We need to write the estimator to complete the distribution. We will return to this later.

SequenceEncodableStatisticAccumulator
=======================================
Next we will write the ``SequenceEncodableStatisticAccumulator`` which is used to aggregate sufficient statistics. To identify the sufficient statistics and the calculation involved in tracking them, we can refer to the exponential family form of the distribution. In the case of the univariate GMM, it is easier to refer back to the E-step of the EM algorithm.

Expectation-Maximization Algorithm
===================================
To estimate the parameters of a one-dimensional GMM, we typically use the Expectation-Maximization (EM) algorithm, which consists of two steps:

1. **Expectation Step (E-step)**: Calculate the expected value of the log-likelihood function, given the current estimates of the parameters.

   .. math::

       \gamma_{nk} = \frac{\pi_k \mathcal{N}(x_n | \mu_k, \sigma_k^2)}{\sum_{j=1}^{K} \pi_j \mathcal{N}(x_n | \mu_j, \sigma_j^2)}

where :math:`\gamma_{nk}` is the responsibility that component ``k`` takes for data point ``n``.

2. **Maximization Step (M-step)**: Update the parameters using the expected values computed in the E-step.

   .. math::

       \pi_k = \frac{N_k}{N}

   .. math::

       \mu_k = \frac{1}{N_k} \sum_{n=1}^{N} \gamma_{nk} x_n

   .. math::

       \sigma_k^2 = \frac{1}{N_k} \sum_{n=1}^{N} \gamma_{nk} (x_n - \mu_k)^2 = \gamma_{nk} x_n^2 - 2 x_n \mu_k + \mu_k^2

where :math:`N_k = \sum_{n=1}^{N} \gamma_{nk}` is the effective number of points assigned to component :math:`k`.

Sufficient Statistics
=====================
In pysparkplug, the accumulator tracks the sufficient statistics, which are used to perform the estimation step.
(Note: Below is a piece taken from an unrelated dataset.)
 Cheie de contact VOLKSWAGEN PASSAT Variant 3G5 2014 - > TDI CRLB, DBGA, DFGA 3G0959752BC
Following the above, we see that 

.. math::

   \sum_{n=1}^{N} \gamma_{nk}

.. math::

   \sum_{n=1}^{N} \gamma_{nk} x_n

.. math::

   \sum_{n=1}^{N} \gamma_{nk} x_n^2

are required to estimate :math:`\pi_k`, :math:`\mu_k`, :math:`\sigma^2_k`. Our accumulator class will aggregate these sufficient statistics. We will denote the sufficient statistics with member variables: ``comp_counts`` = :math:`\sum_{n=1}^{N} \gamma_{nk}`, ``x`` = :math:`\sum_{n=1}^{N} \gamma_{nk} x_n`, and ``x2`` = :math:`\sum_{n=1}^{N} \gamma_{nk} x_n^2`. Note that each of these member variables are ``k`` dimensional vectors where ``k`` is the number of mixture components.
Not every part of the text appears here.